(Records from a collection)
■ ■ ■ ■
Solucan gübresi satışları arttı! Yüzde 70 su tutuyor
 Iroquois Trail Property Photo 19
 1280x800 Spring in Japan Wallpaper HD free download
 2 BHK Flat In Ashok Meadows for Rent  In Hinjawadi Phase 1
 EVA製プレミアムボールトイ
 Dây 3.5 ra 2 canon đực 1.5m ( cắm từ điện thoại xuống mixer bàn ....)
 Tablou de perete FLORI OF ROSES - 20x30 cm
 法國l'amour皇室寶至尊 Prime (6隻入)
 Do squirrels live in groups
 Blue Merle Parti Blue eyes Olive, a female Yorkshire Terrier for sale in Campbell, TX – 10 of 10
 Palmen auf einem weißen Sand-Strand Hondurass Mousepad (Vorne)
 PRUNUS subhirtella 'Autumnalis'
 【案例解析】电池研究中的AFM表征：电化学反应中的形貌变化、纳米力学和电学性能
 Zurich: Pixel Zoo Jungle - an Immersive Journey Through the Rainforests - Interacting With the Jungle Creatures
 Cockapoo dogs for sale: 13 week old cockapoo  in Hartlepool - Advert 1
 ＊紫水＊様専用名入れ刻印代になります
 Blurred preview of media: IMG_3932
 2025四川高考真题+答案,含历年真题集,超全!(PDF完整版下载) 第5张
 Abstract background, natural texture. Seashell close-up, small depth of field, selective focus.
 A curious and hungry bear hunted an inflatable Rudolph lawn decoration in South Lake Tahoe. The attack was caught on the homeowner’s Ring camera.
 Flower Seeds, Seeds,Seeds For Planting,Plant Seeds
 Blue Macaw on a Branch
■ ■ ■ ■
(Action item):
Where the word "Blue" appears in a line of the entries, copy that line.

(Exercise output):
 Blue Merle Parti Blue eyes Olive, a female Yorkshire Terrier for sale in Campbell, TX – 10 of 10
 Blue Macaw on a Branch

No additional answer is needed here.